Welcome to Kansas City, Missouri
Kansas City isn’t a two-note town. Beyond its beloved barbecue and proud jazz tradition, Missouri’s largest city has a world-class art institution in the Nelson-Atkins Museum of Art and a moving tribute to African-American history in the Negro Leagues Baseball Museum. It has the historic Spanish-style Country Club Plaza, the country’s first—and most elegant—shopping center, and the gorgeous, architecturally striking Kauffman Center for the Performing Arts. But with all Kansas City has going for it, it’s hard to deny the pull of great live music erupting from every direction and delicious, tender, sauce-drenched smoked meat. To give you an insider’s look at the city, we asked the Kansas Citians what to do when you visit. Here are a few favorites.
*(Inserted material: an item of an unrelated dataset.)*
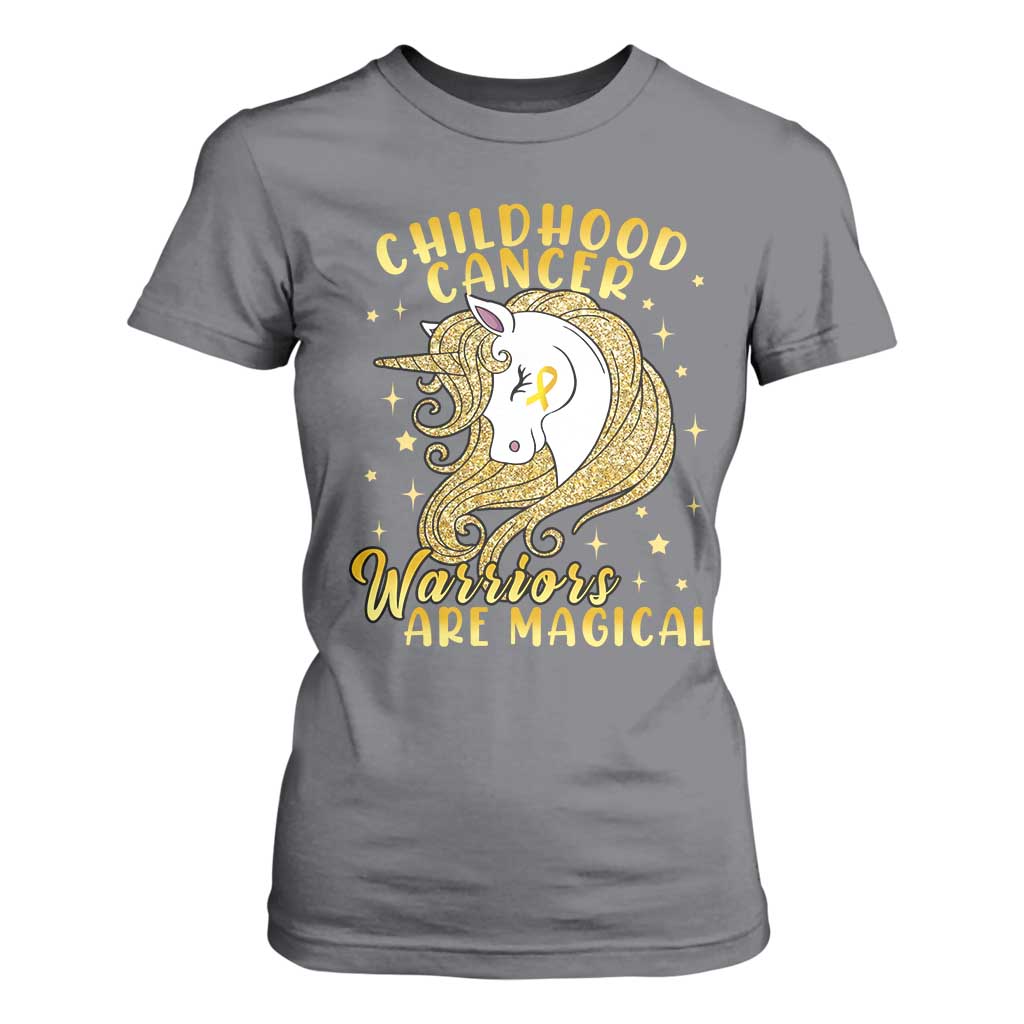 Childhood Cancer Warrior Support T Shirt For Women Warriors Are Magical Unicorn Gold Ribbon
The city’s West Bottoms neighborhood, once home to cattle stockyards, sits where the Kansas and Missouri rivers meet. Fittingly, it’s now home to The Ship—a nautically-themed, Prohibition-era lounge turned artist-friendly dive bar with a history of being a bit rough around the edges and welcoming guests from all walks of life. Kansas City’s colorful nightlife was only partly suppressed by the 1919 law that outlawed alcohol. Instead, the “Paris of the Plains” embraced a laissez-faire approach to both booze and nighttime revelry. The Kansas City Prohibition Craft Cocktail Tour is a four-stop romp through a period in which Kansas City was known as one of “wettest” cities during the country’s short-lived dry spell. Along the way, indulge in cocktails at former—and current—speakeasies, brothels, and houses of ill-repute.
Serious About Meat
Among the country’s great barbecue capitals, Kansas City’s meats are distinctive, revered, and more than a little controversial. “If you ask about BBQ, you're gonna get a different opinion from each person in Kansas City,” we’re told. Everyone has a favorite, and they’re delighted to tell you about it. The historic home of the “King of Ribs,” Arthur Bryant's has operated blocks from the old Municipal Stadium since 1958, drawing dignitaries and politicians to the sit at its Formica tables and gnaw inelegantly on a rack of pork ribs with Wonder Bread. Another Kansas City classic, since 1946, the family-owned Gates BBQ is just down Brooklyn Avenue. Gates’s standout, according to locals, is their burnt ends on a hoagie. Their secret? The meat’s chopped rather than cubed, for a more favorable sauce-to-meat ratio.